Size okuduğum bir şiirden bahsederek başlamak istiyorum yazıma.
Susarak unutmayı,
Yaşayarak alışmayı,
Güvenerek aldanmayı,
Ve severek kaybetmeyi öğrenmiş her insan için,
Yalnızlık:Dert değil sadece ZEVKTİR.
İnanın kime ait olduğunu bilmiyorum ama son cümle benim. Yalnız insanlar genelde sıkılırlar, mutsuz olurlar, kendini koca dünya da öylesine boş öylesine tek hissederler ki… Bense yalnızlığımla eğlenmeyi, yalnızlığımla nefes almayı seviyorum, yalnızlığımla özgürlüğümü hissediyorum, bununla mutlu oluyorum.
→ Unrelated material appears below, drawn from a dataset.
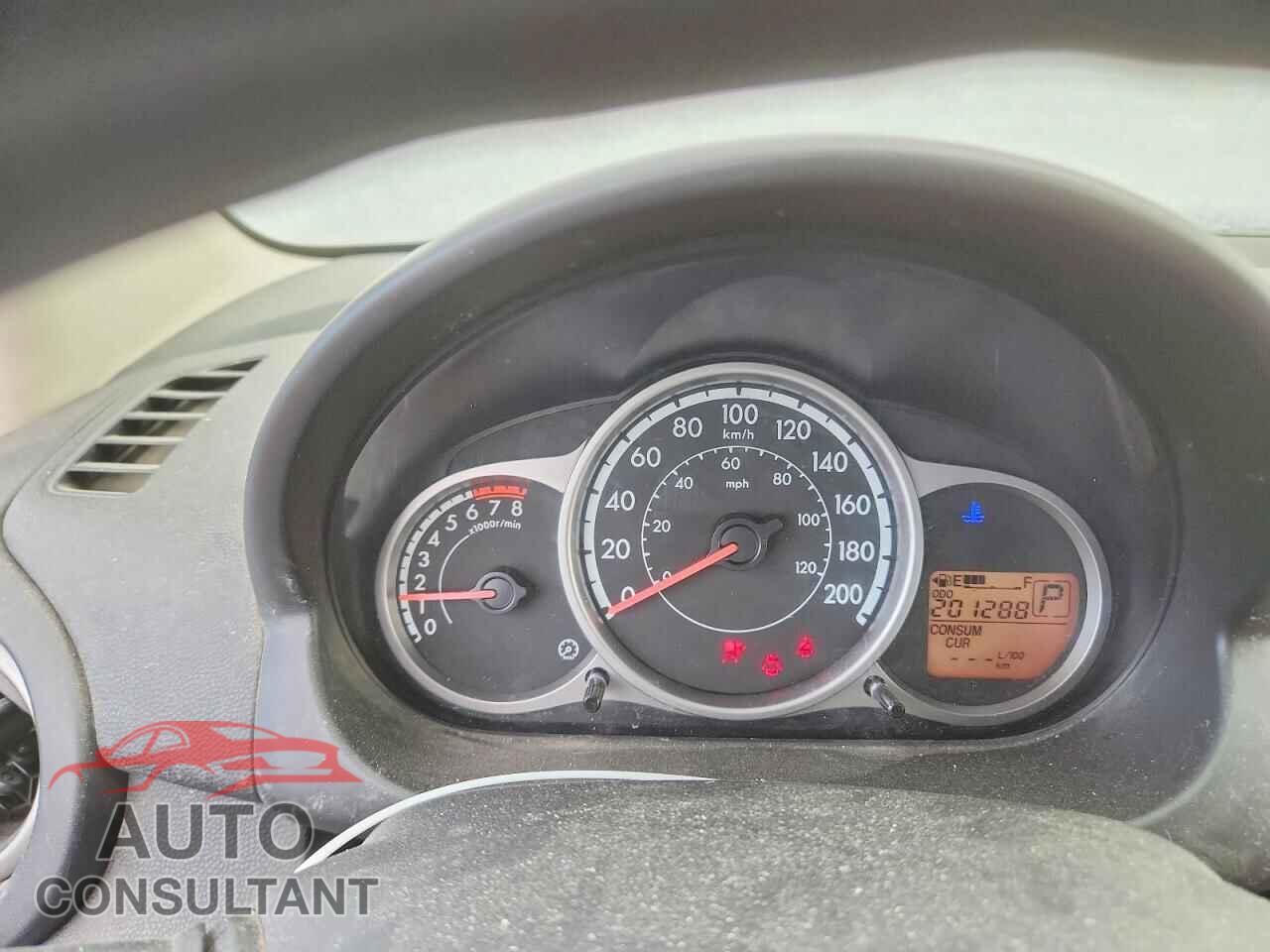 MAZDA 2 2012 - JM1DE1KY8C0138398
Saatlerce kitap okumayı o küçücük dünyamda hayal kurmayı seviyorum, film izlerken sonunda vay be diyişlerimi kendi kendime bununla ilgili çıkarımlar yapmayı seviyorum. Kimse bana bırak kitabı diyemiyor, kimse bana film sonrasında ya tamam anladık muhabbeti yapmıyor, yalnızsan kimse seni yargılayamıyor.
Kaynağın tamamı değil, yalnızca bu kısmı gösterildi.